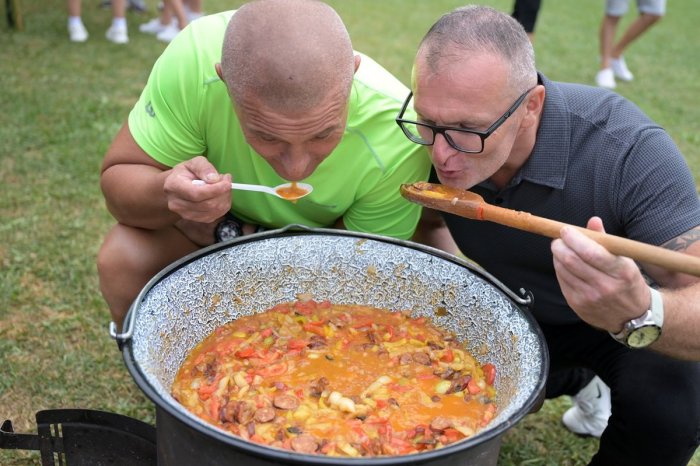 Ilustračný obrázok k článku Cítite tú vôňu aj cez FOTKY? Michalovský okres má za sebou súťaž vo varení LEČA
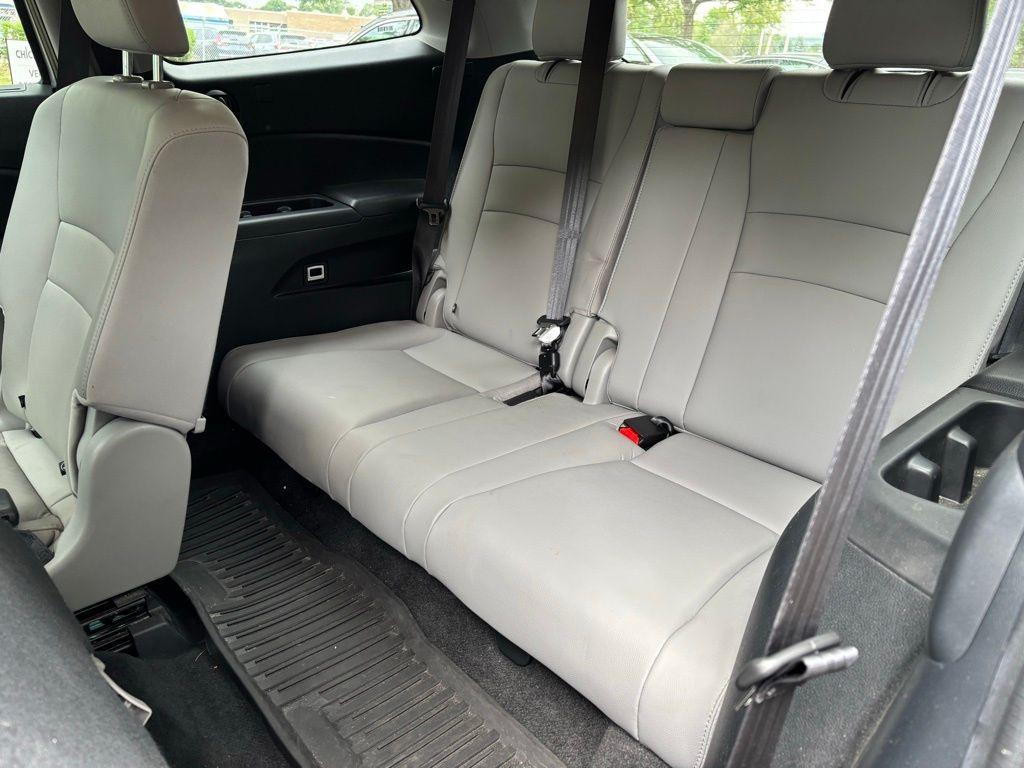 used 2022 Honda Pilot car, priced at $33,988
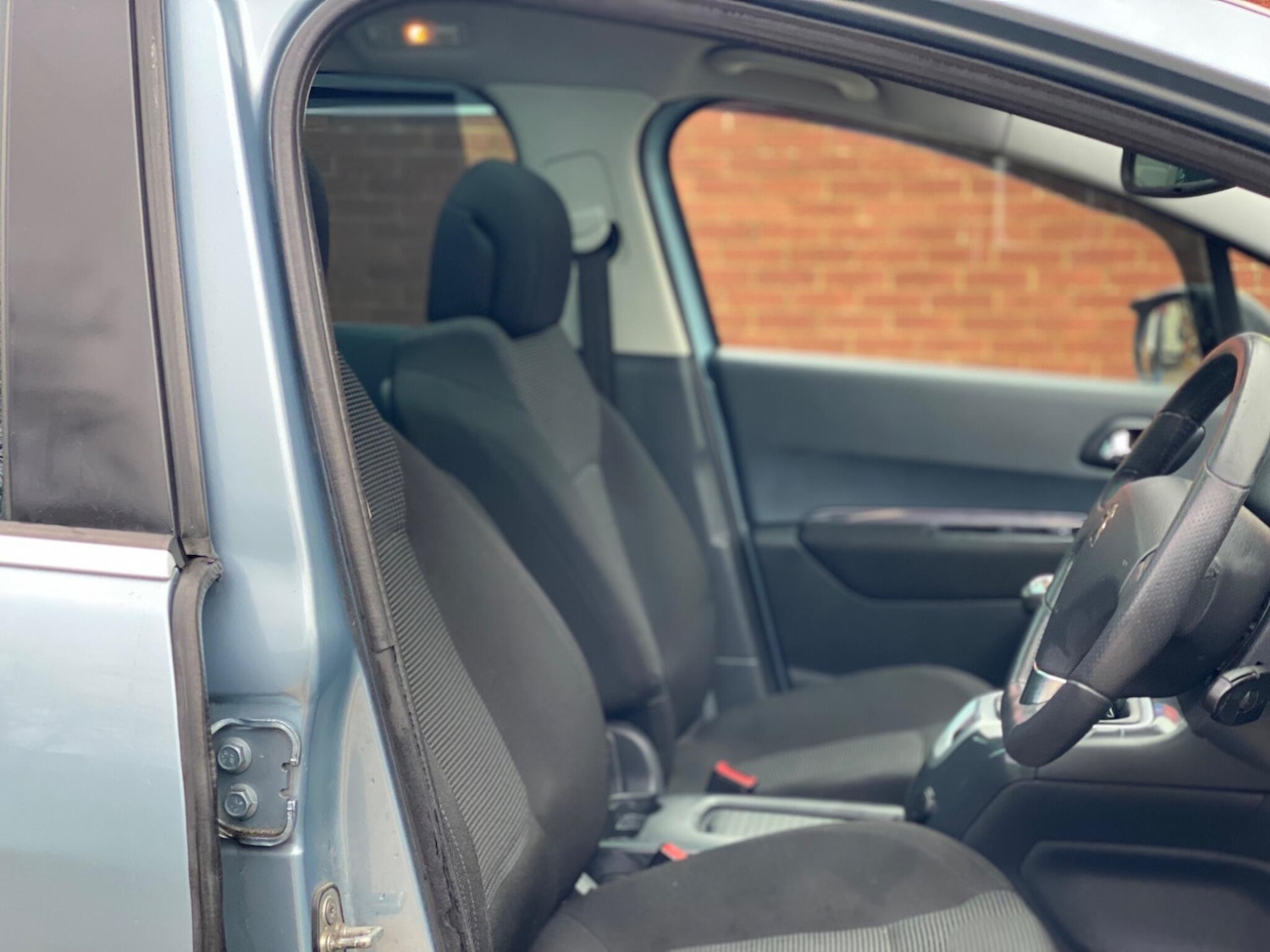 Used Peugeot 5008 2011 for sale - 76759416: Photo 25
-- -- --
Your assignment
Give back the whole listing exactly as it stands. Drop every picture.

Written response
 Ilustračný obrázok k článku Cítite tú vôňu aj cez FOTKY? Michalovský okres má za sebou súťaž vo varení LEČA
 used 2022 Honda Pilot car, priced at $33,988
 Used Peugeot 5008 2011 for sale - 76759416: Photo 25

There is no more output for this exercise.